In December 2013, a year into his second term, Barack Obama identified “dangerous and growing inequality and lack of upward mobility” as “the defining challenge of our time.” That observation — two years after Occupy Wall Street, four and half years into the “recovery” from the Great Recession, and eighteen years since the growing income share of the top one percent surpassed that of the bottom fifty percent — was both true and trivial.
Now, a long year into a new administration determined to deepen that divide — even as it mines its resentments — our inequality persists in starker and starker dimensions.

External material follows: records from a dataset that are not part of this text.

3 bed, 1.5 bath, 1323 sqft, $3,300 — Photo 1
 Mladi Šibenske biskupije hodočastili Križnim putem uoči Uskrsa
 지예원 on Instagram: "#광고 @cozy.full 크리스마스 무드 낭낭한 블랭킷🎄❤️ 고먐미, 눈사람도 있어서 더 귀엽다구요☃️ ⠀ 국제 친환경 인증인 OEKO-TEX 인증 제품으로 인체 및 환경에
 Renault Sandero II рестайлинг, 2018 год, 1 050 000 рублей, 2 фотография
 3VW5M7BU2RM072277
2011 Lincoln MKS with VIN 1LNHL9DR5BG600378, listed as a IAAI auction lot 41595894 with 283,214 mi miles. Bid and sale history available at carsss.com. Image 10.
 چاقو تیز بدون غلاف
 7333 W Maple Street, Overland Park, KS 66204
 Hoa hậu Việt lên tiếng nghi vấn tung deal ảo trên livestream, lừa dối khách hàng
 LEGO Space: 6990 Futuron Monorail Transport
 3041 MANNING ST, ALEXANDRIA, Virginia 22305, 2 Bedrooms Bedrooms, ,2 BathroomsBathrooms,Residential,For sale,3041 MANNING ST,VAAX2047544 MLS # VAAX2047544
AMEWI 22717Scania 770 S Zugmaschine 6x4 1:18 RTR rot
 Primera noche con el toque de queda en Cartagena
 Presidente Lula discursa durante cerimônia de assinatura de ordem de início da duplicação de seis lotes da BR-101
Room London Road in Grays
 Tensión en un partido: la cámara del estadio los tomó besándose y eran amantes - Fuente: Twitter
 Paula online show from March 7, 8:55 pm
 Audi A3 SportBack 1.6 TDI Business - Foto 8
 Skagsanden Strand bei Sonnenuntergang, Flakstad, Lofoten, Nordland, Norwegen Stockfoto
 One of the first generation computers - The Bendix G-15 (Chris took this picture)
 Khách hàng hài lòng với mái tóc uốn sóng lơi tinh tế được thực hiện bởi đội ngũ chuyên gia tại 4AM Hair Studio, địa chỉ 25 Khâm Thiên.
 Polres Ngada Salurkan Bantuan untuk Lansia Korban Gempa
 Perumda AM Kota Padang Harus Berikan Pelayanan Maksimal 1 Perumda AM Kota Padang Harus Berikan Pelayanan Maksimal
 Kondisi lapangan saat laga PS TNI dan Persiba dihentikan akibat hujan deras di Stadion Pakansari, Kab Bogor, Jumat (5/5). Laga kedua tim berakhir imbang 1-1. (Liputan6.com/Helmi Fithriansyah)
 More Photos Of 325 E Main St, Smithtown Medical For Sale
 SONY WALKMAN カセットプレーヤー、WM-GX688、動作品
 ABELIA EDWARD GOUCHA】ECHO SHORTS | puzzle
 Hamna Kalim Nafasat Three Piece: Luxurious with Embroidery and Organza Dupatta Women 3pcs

The digital project “Growing Apart: A Political History of American Inequality,” is an effort to grapple with that challenge — its dimensions, its roots, its causes, and its consequences.My motivation and interest in this project flows from several sources. As an historian of American public policy, I have written on the political economy of the New Deal, the politics of American health policy, and the long shadow of racial segregation in American cities. The central theme of this work, I came to realize, was the failure of public policy to redress inequality and, in many instances, its eagerness to sustain and widen that inequality.
As a faculty member at a large public university, I have, over the last quarter century, seen the fortunes and expectations of my students hammered by unrelenting economic challenges, including the erosion of state support for K-12 and post-secondary education.
And, as a researcher for a state policy think-tank (the Iowa Policy Project, an affiliate of the Economic Policy Institute’s EARN network), I have come to appreciate not just the corrosive effect that bad policy can have on equality and equal opportunity, but the damage that inequality can do to democratic aspirations and institutions.
For all of these reasons — academic, pedagogical, and political — I started assembling “Growing Apart.” Some of the pieces first appeared as blog posts for various outlets, and preliminary versions of the project were published at Inequality.org and as a series at Dissent. Intended as a “live” resource, this new version of Growing Apart incorporates the latest data and new research (especially in the wake of the Great Recession) on inequality’s causes and consequences.